Work to be completed: All lines from the one containing "Tanzschule MAXIXE |" to the end of the entries below must be output exactly, and no other lines.

Supplied records:
- - -
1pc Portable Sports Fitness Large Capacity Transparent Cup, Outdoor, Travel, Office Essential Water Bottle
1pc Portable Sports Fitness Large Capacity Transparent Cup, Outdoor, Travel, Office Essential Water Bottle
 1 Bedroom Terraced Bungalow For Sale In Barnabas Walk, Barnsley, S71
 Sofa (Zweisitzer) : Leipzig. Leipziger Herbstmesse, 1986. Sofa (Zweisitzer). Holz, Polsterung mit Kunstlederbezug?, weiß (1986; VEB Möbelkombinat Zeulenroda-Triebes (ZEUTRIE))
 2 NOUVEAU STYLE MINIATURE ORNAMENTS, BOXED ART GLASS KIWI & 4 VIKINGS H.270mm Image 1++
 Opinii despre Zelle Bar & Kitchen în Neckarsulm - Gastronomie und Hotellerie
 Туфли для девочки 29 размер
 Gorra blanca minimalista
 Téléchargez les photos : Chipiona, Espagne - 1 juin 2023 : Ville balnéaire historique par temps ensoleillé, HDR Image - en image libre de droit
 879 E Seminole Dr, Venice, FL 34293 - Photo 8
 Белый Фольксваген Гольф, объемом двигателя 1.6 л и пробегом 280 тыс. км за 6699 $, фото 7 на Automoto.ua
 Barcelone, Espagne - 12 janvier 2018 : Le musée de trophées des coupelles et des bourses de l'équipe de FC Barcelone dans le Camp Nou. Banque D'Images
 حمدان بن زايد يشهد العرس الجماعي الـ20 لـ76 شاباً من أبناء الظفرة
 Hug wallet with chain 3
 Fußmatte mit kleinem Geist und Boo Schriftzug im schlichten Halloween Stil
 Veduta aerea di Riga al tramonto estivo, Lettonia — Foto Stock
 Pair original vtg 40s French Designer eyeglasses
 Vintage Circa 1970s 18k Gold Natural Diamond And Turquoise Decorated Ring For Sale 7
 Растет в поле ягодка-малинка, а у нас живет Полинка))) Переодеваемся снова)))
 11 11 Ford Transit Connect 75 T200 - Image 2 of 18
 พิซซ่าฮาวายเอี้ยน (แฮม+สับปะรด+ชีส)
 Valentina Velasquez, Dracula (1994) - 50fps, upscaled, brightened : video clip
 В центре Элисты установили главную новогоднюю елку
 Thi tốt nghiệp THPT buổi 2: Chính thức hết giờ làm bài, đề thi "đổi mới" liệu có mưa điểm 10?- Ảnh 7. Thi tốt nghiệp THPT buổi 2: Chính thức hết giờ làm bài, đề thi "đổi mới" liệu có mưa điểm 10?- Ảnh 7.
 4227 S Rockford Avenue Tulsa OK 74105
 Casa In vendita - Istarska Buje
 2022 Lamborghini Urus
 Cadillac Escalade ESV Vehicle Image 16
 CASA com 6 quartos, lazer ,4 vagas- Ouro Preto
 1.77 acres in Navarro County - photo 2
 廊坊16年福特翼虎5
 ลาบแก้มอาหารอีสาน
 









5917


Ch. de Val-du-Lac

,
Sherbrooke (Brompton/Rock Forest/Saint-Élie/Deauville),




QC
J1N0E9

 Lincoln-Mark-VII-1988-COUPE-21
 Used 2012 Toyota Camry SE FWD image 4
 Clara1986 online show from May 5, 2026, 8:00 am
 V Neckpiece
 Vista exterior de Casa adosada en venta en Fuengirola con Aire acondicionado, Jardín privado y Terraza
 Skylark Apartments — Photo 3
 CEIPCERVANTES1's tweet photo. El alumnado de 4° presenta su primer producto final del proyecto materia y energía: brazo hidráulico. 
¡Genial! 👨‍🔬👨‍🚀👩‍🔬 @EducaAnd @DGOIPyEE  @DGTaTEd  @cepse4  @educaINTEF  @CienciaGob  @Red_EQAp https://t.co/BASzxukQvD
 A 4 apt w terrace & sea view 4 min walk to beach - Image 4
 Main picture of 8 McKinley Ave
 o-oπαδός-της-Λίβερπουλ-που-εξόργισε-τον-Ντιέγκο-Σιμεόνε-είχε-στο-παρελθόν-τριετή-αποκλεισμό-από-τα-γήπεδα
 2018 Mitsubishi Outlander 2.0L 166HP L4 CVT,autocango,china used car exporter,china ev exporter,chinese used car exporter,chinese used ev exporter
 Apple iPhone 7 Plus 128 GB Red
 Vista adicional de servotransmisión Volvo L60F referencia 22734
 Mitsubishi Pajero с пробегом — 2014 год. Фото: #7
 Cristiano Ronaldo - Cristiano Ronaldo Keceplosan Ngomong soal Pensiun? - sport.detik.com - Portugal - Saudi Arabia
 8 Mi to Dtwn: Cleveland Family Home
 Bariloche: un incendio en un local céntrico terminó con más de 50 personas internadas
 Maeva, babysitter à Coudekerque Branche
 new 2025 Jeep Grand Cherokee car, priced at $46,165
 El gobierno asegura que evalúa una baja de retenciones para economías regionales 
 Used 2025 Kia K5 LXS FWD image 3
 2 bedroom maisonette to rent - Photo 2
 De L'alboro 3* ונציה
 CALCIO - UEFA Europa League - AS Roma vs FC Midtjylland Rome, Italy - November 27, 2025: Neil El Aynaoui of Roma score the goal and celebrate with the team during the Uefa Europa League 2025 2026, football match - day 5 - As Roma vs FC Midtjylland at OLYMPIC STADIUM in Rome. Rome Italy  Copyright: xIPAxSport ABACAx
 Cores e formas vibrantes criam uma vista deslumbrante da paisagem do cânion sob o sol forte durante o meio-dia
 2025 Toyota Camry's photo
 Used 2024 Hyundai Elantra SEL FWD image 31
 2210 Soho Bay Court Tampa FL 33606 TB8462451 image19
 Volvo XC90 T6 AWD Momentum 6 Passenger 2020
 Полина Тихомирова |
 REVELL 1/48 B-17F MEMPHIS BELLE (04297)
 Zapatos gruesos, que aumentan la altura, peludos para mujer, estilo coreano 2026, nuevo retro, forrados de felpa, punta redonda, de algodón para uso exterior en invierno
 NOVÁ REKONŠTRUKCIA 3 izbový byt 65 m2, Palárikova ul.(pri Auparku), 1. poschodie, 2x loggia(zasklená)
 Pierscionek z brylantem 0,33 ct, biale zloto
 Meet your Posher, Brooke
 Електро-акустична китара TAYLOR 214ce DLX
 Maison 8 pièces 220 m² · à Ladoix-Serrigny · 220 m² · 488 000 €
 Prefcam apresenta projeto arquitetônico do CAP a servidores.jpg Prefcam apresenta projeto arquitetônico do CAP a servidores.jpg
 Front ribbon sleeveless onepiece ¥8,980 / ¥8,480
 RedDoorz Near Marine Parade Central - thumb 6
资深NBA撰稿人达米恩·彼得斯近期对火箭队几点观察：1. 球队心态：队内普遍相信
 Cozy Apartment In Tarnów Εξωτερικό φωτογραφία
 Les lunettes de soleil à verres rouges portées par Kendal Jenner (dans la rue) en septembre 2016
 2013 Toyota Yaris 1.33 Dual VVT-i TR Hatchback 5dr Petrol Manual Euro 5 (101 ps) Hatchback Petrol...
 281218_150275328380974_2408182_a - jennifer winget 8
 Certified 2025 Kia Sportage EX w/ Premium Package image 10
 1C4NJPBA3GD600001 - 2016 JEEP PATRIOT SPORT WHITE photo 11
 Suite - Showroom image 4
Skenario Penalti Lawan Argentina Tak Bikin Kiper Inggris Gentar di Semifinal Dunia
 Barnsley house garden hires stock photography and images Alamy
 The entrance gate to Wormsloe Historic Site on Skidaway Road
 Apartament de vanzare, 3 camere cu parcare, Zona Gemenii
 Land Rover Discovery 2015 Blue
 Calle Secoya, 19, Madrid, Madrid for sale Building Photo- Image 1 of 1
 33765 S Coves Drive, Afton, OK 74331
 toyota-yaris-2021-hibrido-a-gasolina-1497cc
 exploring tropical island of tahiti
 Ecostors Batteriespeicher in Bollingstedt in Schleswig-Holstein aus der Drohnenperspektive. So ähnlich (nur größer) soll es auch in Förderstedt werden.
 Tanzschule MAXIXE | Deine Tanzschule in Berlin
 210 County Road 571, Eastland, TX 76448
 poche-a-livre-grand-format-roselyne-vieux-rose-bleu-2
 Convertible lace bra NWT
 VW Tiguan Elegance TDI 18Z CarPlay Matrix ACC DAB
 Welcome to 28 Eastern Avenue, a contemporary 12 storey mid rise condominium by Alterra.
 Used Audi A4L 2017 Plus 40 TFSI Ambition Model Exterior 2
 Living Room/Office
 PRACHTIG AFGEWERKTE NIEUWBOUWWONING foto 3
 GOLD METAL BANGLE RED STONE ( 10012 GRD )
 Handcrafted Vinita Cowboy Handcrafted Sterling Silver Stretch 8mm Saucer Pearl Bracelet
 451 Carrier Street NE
- - -
Response below:
 Tanzschule MAXIXE | Deine Tanzschule in Berlin
 210 County Road 571, Eastland, TX 76448
 poche-a-livre-grand-format-roselyne-vieux-rose-bleu-2
 Convertible lace bra NWT
 VW Tiguan Elegance TDI 18Z CarPlay Matrix ACC DAB
 Welcome to 28 Eastern Avenue, a contemporary 12 storey mid rise condominium by Alterra.
 Used Audi A4L 2017 Plus 40 TFSI Ambition Model Exterior 2
 Living Room/Office
 PRACHTIG AFGEWERKTE NIEUWBOUWWONING foto 3
 GOLD METAL BANGLE RED STONE ( 10012 GRD )
 Handcrafted Vinita Cowboy Handcrafted Sterling Silver Stretch 8mm Saucer Pearl Bracelet
 451 Carrier Street NE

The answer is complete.